Is there a known algorithm for finding which K elements out of N elements have a sum that is closest to a whole number?

Question

As a small example, say I have N=6 elements

{ 0.03, 0.25000039, 1.391, 500.1, 0.5000001, 1.75001  } 

and K=3 then the combination { 0.25000039, 0.5000001, 0.2500001 } , which sums up to 1.00000059 would be the combination that sums up the closest to a whole number.

Is it possible to solve this without "brute force" (iterating through all n choose k elements)?

Answer 1

I can think of this:

1. Have a target. Initially target is the number you want to get to.
2. Select the biggest number smaller than or equal to target.
3. If there were such a number in previous step reduce the target by that number
4. If target is zero you are done else go to 2
5. Else select the smallest number in the series
6. Reduce the target by that number and check if the absolute value of the target is now bigger than previous target or not if it is you take this last number if it is not you leave it and your current series before the last number is the answer.

Up to here it's giving a close answer. To make it 100% you then repeat the same process this time without the biggest number. Also I omitted this in the algorithm that whenever you want to select a new number if there are no numbers left you are done and that's as close as you can get.
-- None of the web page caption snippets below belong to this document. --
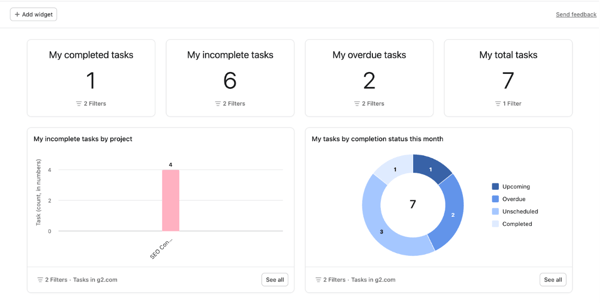Asana reporting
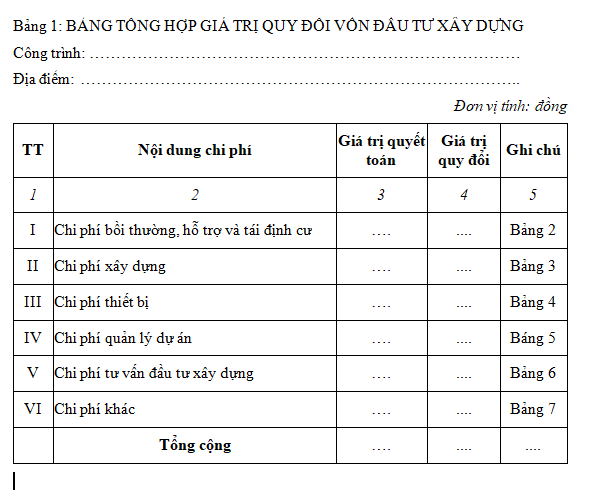 Mẫu bảng tổng hợp giá trị quy đổi vốn đầu tư xây dựng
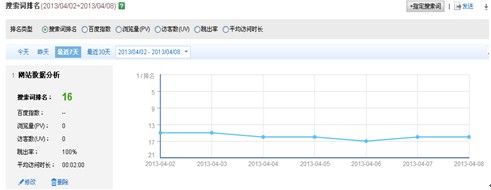 搜索詞排名 搜索詞排名
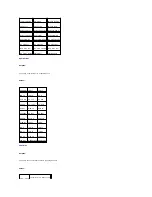 Preview for 40 page of Dell 3100cn - Color Laser Printer User Manual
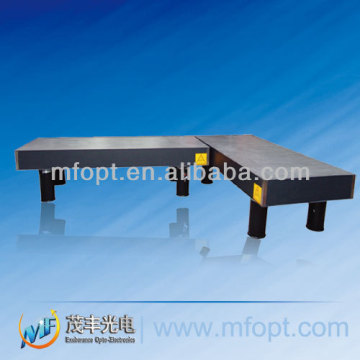 High Quality Non-Isolating Optical Table/vibration isolation table/optical table,precision active isolation platform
Why I left this out is because you might want to allow a number to appear multiple times and therefore you don't need this part.

This is something I came up with. It might need some testing and if you think it's wrong please tell me in the comments. :)

Answer 2

I guess this task can be reduced to classical Knapsack problem . So the solution as we know it would be NP-complete.

Answer 3

I had the same problem in one of my projects, where I had to pick a subset of size k out of an original set of size n . The subset should satisfy some constraints and maximize (or minimize) a function calculated on the subset. The problem looks trivial if n is small, but as long as n greater than 30 , it starts becoming more challenging given a large number of combinations. G.netic algorithm (GA) is very helpful and practical in this case. For example, you can follow this example , and it will give the result in 1 minute. What you need is to modify the objective function, eg, out["F"] = (np.sum(self.L[x]) - target)**2 . Of course, the GA cannot guarantee an optimal solution, but it should give you at least the near optimal solution quickly.